The Girls Are Fighting

Azealia Banks comes for Beyoncé’s new album with a jaw-dropping rant

At this point, Azealia Banks is better known for her endless list of feuds than her music. Her latest target? Beyoncé — more specifically, Beyoncé’s upcoming country album Cowboy Carter.

Yesterday, Beyoncé posted the album’s cover — a striking image of her in full cowboy getup riding a white horse and holding an American flag — and shared some of the album’s backstory on Instagram.
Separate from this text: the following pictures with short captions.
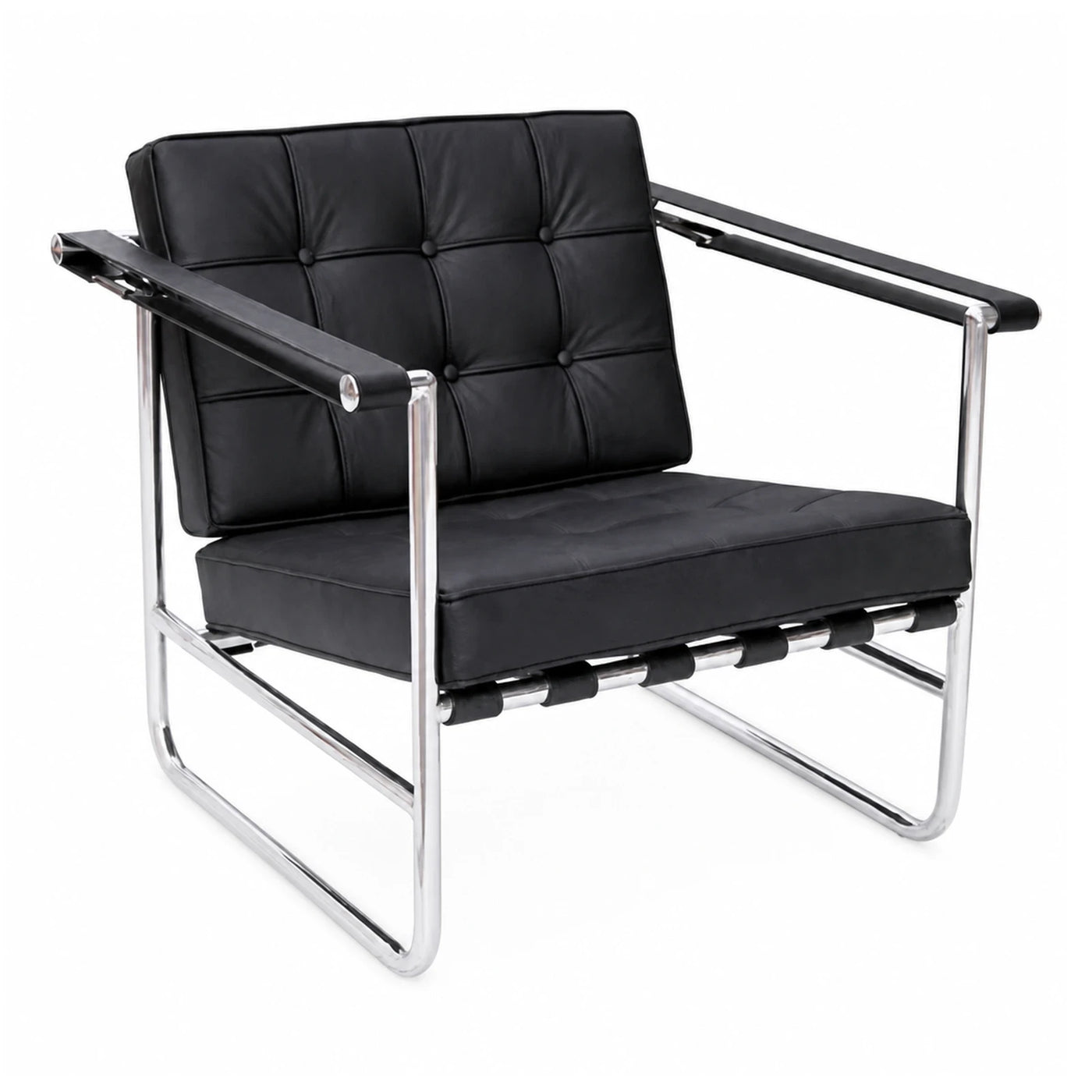 Black Leather Cantilever Armchair with Chrome Frame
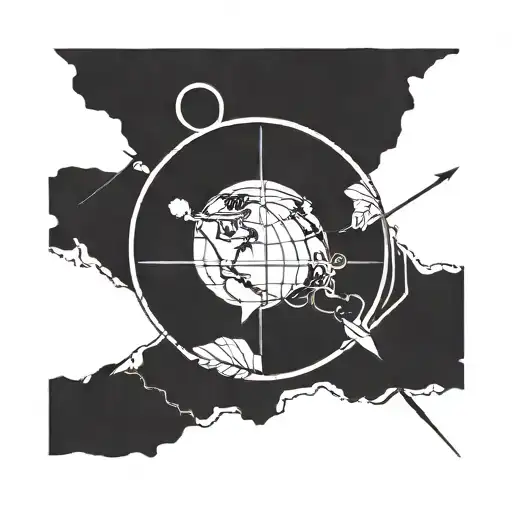 Simple Boho Arrows Bending Around A Simple Globe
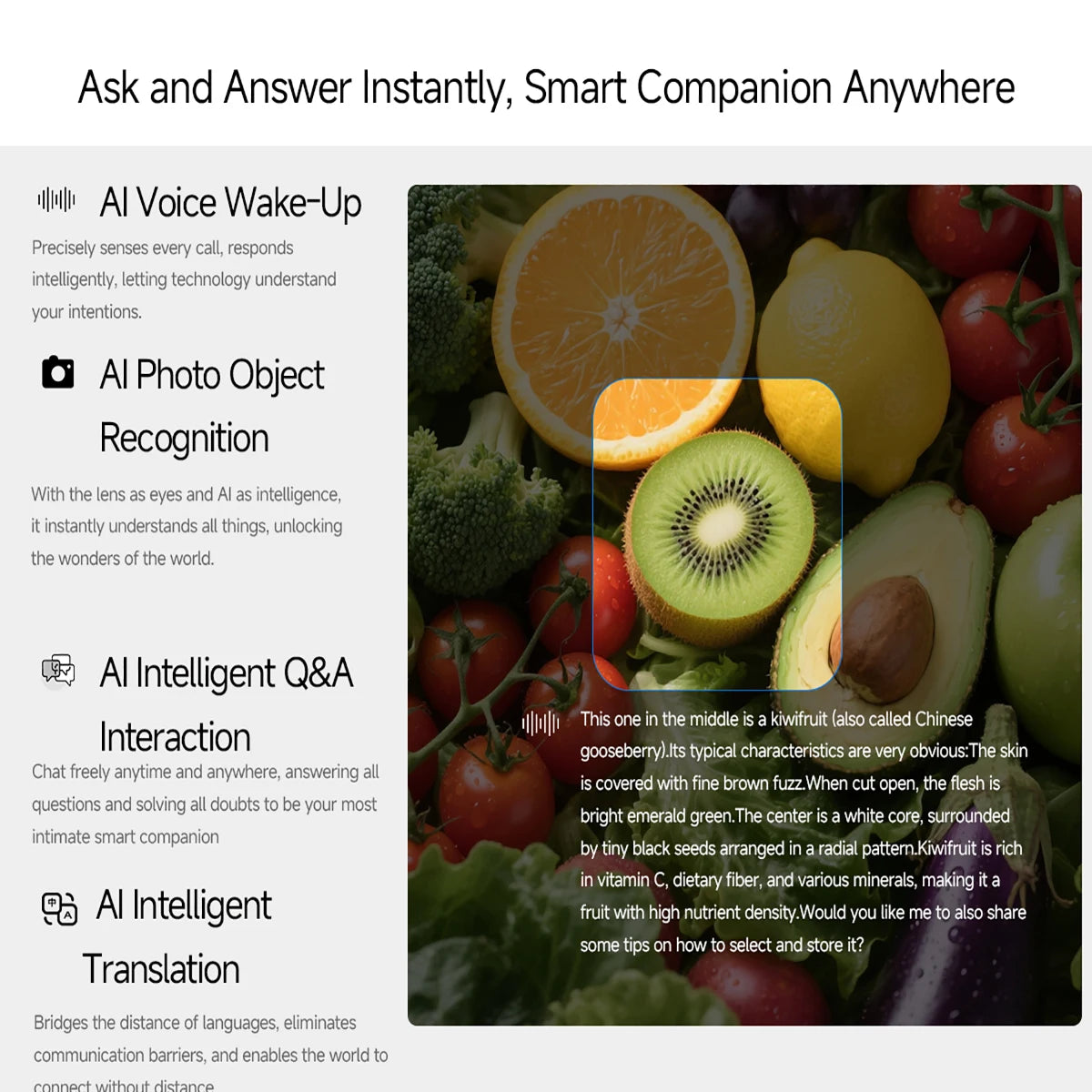AI Smart Glasses with Real-time Translation and 800W Camera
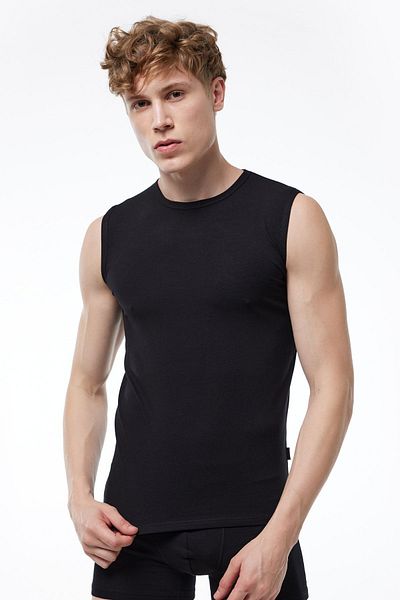 Malabadi Men's Black Neck Trace-Free Modal Sleeveless Undershirt 007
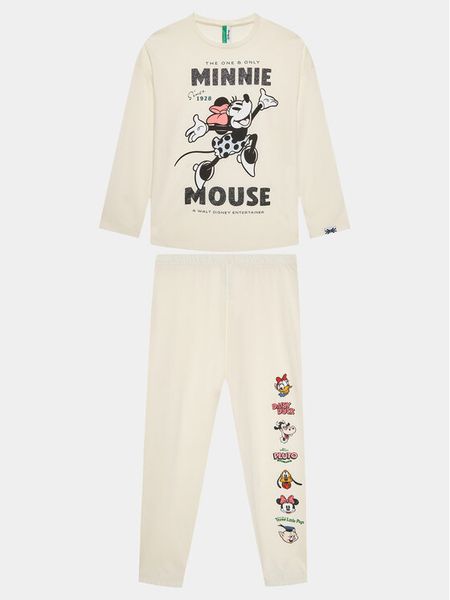 United Colors Of Benetton Piżama 3Y5E0P050 Écru Regular Fit. Piżamy dziewczęce United Colors Of Benetton, bez wzorów, z bawełny, bez ramiączek. Za 99.99 zł.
Banks wasn’t happy about any of it.

The 212 rapper first took issue with Beyoncé’s choice of album title and imagery, alleging that she’s using the cowboy aesthetic to appeal to white people.

“Wow we didn’t even try to put even a little effort into a more artistic title?” Banks asked via her Instagram stories. “I’m kind of ashamed at how [you] switch from baobab trees and black parade to this literal pick me stuff. […] [You’re] always sharing [your] platform with white women who are so jealous of you but have such a long history of sabotaging other black women’s careers.”

Banks was far from done ridiculing Beyoncé’s switch to country music, saying that it was a wasted opportunity for “pertinent cultural commentary.”

“There could have been a humor to it which would bestow upon you even a smidgen of personality to make you an interesting person again… but you’re reinforcing the false rhetoric that country music is a post civil war white art form,” Banks continued.

Next, Banks tore into Beyoncé’s latest record-breaking achievement: becoming the first Black woman to have the number one single on the Hot Country Songs chart.

“We’re supposed to buy into this falsified victim crap about not being accepted in a genre you’ve dabbled in here and there? Like in 2024, is being the first black woman to have a #1 on the country charts an accomplishment when you’ve clearly used your capitalist advantage to smother out the currently existing black artists in country music who have been grinding for years but don’t have money to send fruit plates and backstage passes to Grammy voters?” Banks asked. “Sis I’m sorry to rain on your parade but there’s actually nothing monumental about it.”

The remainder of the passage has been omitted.